Die Kirchen müssen deshalb auch Kritik und Karikaturen aushalten können. Sie können sich sogar selbstbewusst dem Spott stellen - entsprechend Psalm 1: „Wohl dem Mann, der nicht dem Rat der Frevler folgt, nicht auf dem Weg der Sünder geht, nicht im Kreis der Spötter sitzt, sondern Freude hat an der Weisung des Herrn, über seine Weisung nachsinnt bei Tag und bei Nacht. Er ist wie ein Baum, der an Wasserbächen gepflanzt ist, der zur rechten Zeit seine Frucht bringt und dessen Blätter nicht welken.

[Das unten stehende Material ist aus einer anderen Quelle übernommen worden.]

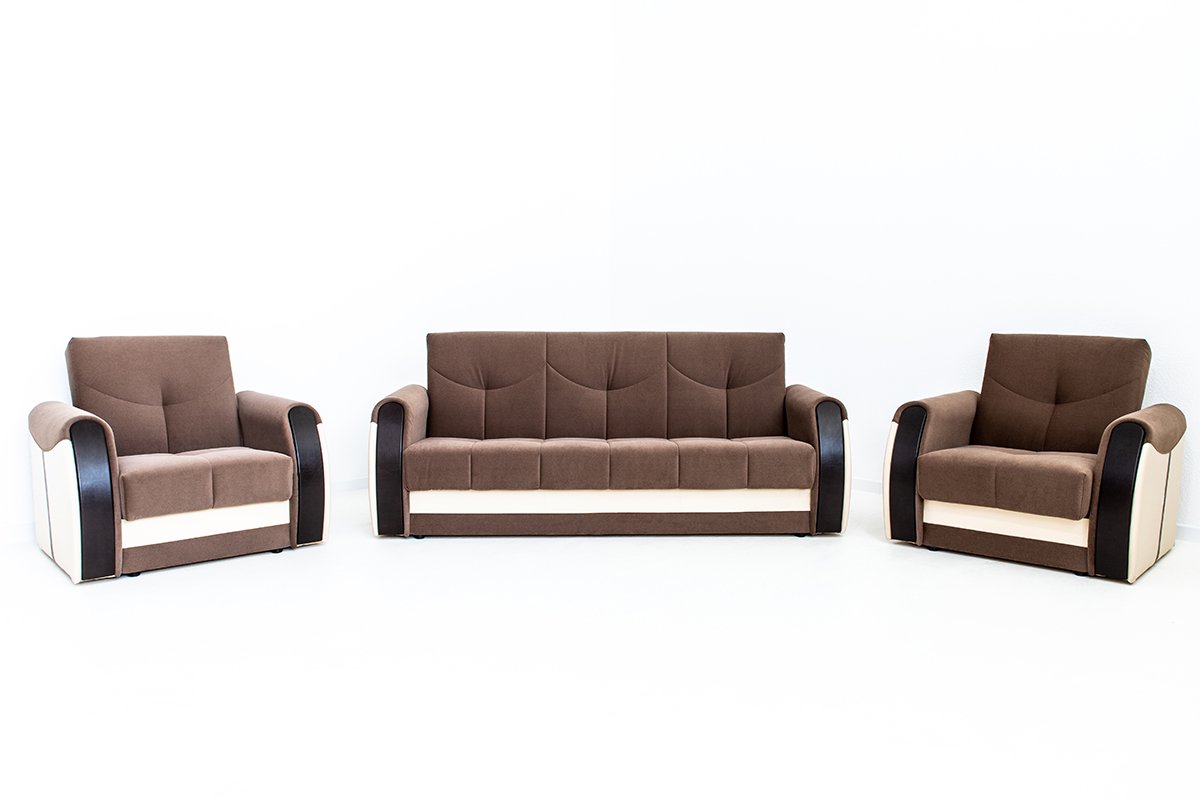 Комплект мягкой мебели АСМ Элегант Сиеста 4 кат 3 Ника 05 Ecotex 109 Ecotex 213 коричневый купить,NaN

Alles, was er tut, wird ihm gut gelingen.“ Deshalb halte ich auch nichts von einem Blasphemie-Artikel im Gesetz. Es ist dagegen notwendig, dass nicht nur die Kirchen, sondern dass auch die anderen Religionsgemeinschaften die Voraussetzungen schaffen, ihren eigenen Religionsunterricht an Schulen erteilen zu können. Der Staat hat jedenfalls ein vitales Interesse daran, die Religionsgemeinschaften auf diesem Weg zu unterstützen. In Baden-Württemberg werden bereits am Zentrum für islamische Theologie an der Universität Tübingen und an der Hochschule für jüdische Studien in Heidelberg Lehrkräfte für die Gymnasien ausgebildet.

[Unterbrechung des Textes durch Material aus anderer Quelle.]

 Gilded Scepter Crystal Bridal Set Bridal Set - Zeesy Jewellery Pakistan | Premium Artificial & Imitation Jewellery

Die lebhafte, aber nicht immer sachliche und faire Debatte um die Beschneidung hat gezeigt, wie sehr inzwischen die religiöse Dimension an Plausibilität eingebüßt hat. Dass die rituelle Aufnahme in eine religiöse Gemeinschaft und der im Ritus sichtbar werdende unzerstörbare Bund Gottes mit dem Menschen gerade Ausdruck der echten und tiefen Fürsorge der Eltern für ihr Kind sein können, können viele Menschen nicht mehr als ernst zu nehmendes Argument nachvollziehen. Nur noch medizinische, physiologische und hygienische Argumente werden ernst genommen. Die nachlassende Bindekraft des Religiösen darf aber nicht als Begründung dienen, das Religiöse aus dem öffentlichen Raum zu verbannen und eine laizistische Trennung von Gesellschaft und Religion anzustreben. Im Gegenteil: Die Religionsvergessenheit mancher Beiträge zur Beschneidung hat gezeigt, wie wichtig es ist, dass die Religionsgemeinschaften in der Gesellschaft den „Sinn für den Sinn“ (Jeanne Hersch) wachhalten. Wir konnten beobachten, wie rasch sich ohne die Tiefendimension des Religiösen ein - wie es Bundespräsident Joachim Gauck bei der Eröffnung der Synagoge in Ulm formulierte - „Vulgärrationalismus“ breit machen kann, der dann auch nicht immer vor antisemitischen und islamophoben Untertönen gefeit ist.

Öffentlich wirken

Wir brauchen die Religionen, die in uns die Sehnsucht nach einem Leben in Fülle wecken und unserem Freiheitsstreben eine Richtung und einen Sinn verleihen. Dieser für unsere Gesellschaft so wichtigen Aufgabe können die Religionsgemeinschaften aber nicht nachkommen, wenn die positive durch die negative Religionsfreiheit verdrängt wird und die Religionsgemeinschaften ins Private abgedrängt werden und nicht in der Öffentlichkeit wirken können. Notwendig ist eine zweifach „aktive“ Religionsfreiheit: eine, die vom Staat aktiv ­gefördert wird und die deshalb von den ­Religionsgemeinschaften zum Wohle der ganzen Gesellschaft aktiv mit Leben erfüllt werden kann und muss.